Ideally this would include "real-time" instruction and mentoring, and I am hopeful I will be able to find the time and resources to pursue that. But after all, I have a ton of art books to keep me busy and they will help me to commit myself to a regular staple of study through experimentation, self-guided lessons, etc. *Note: For a fascinating and inspiring look at one artist's documented learning processes, check out Paul Foxton's wonderful info-packed site Learning to See.

Also, I love landscape painting and I will continue with this tract, but I'm feeling a great desire to become reacquainted with and develop a greater understanding of the human form. Along those lines, I will make a greater commitment to paint much more often from life--if not daily, nearly so.  Whether this means painting en plein air or still life or portraiture, (or even if it is a 5 minute sketch waiting for my haircut) I continue to see so much benefit to this practice and its time to commit to working from life as a regular discipline.

Obviously all of this will need to be worked out in greater detail into more specific goals and a measurable plan, but this is where I'm heading as for the year ahead. I guess if I had to boil everything down to one word I'd say that what it is I'm after is to achieve a greater level of mastery with my work.


Now that's a big, expansive scary word if I ever saw one! And  while it's really too broad to write down as a year long goal,  it can be a guidepost by which my artistic goals can be set.
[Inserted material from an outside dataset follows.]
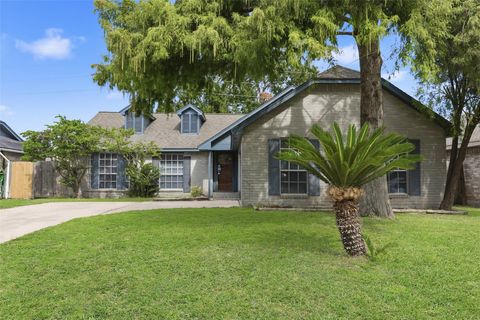 Photo of 16826 Carbridge Drive, Houston, TX 77084 (MLS # 5801905)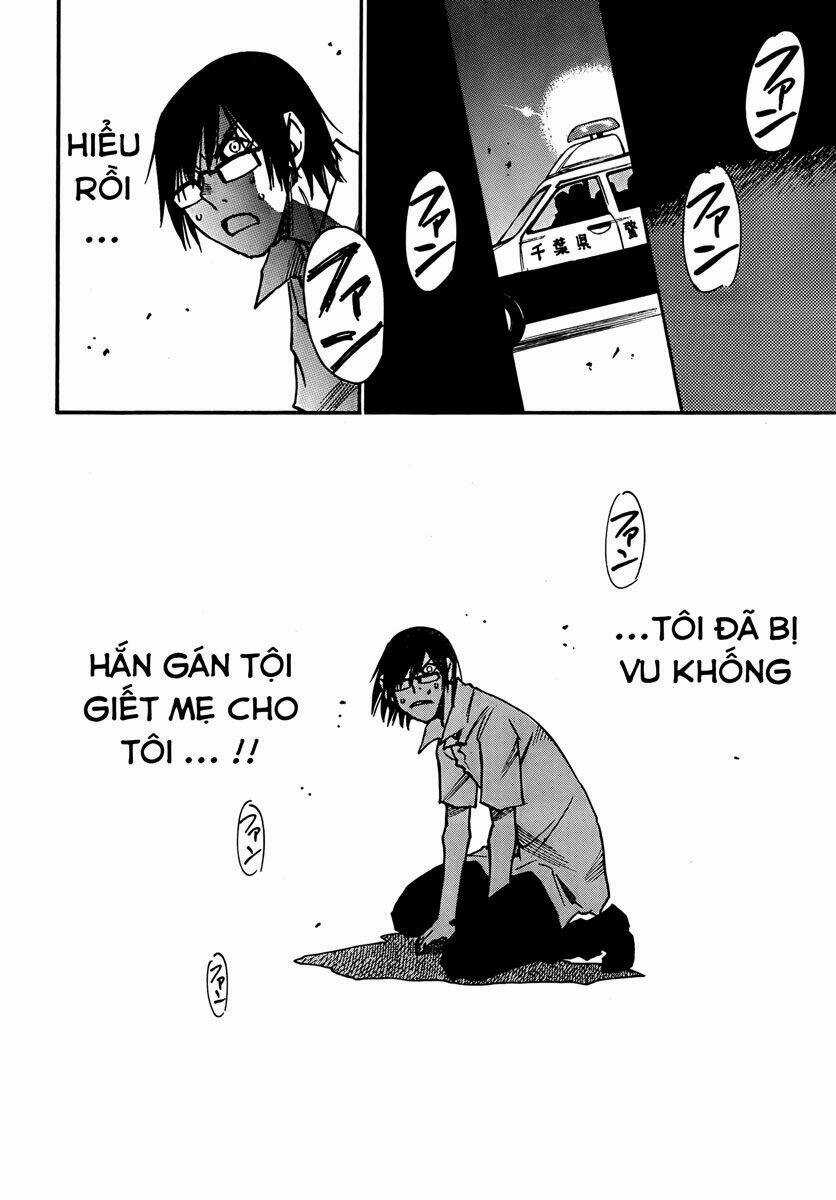 ERASED - Chapter 6 - Trang 19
It is said that it takes 10,000 hours to achieve mastery at something. Whether or not this is exact, what it tells me is that it's not something that's likely to be attained in a year!  It's not as if I'm starting from zero, but even so, in truth it may not even be attained in a lifetime, for that matter, even with a disciplined plan.
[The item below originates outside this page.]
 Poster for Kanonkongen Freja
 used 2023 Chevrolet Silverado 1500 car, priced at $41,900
I do wonder though, as an artist, how do you really know you've arrived? Do you suddenly wake up one day and say, "I'm a master!" It seems a bit of a moving target. Each new level of understanding inevitably leads to new questions, new challenges, and raising the bar ever higher. To quote Gertrude Stein, "There is no there there."
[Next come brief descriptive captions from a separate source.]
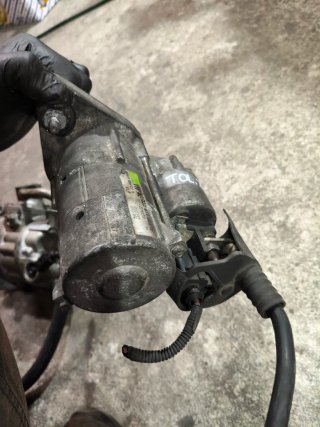 Motor Arranque Leon 2 Altea Octavia Toledo 3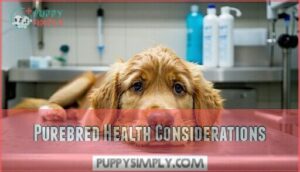 purebred health considerations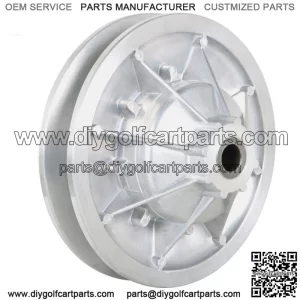 For 1991-Up  EZGO EZ-GO 4 cycle TXT ST #26301-G03 Rear Driven Clutch 28 degree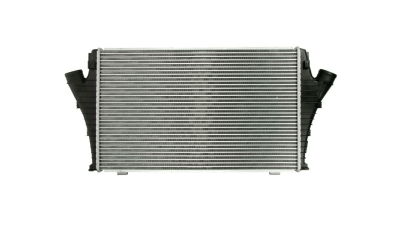 Intercooler Opel Vectra C, 10.2005-2009, Signum, 04.2004-2008, motor 1.9 CDTI 74/88/110kw, diesel, cu/fara AC, aluminiu brazat/plastic, 646x397x30 mm, SRLine,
To my mind, arriving really isn't the point. The way I see it, mastery has more to do with a state of being than a state of arriving. It's more about process than it is about product. It's a state of flow. Certainly there is tangible accomplishment produced as well, and I guess the accomplishment part is what we tend to focus on when we think of someone mastering something. But I really see those kinds of results as more of a by-product of something much greater. And yet, it is the by-products that are the most measurable so that's the starting point I'll use to make my plan.  Better get to it. 10000 hours is a long way off.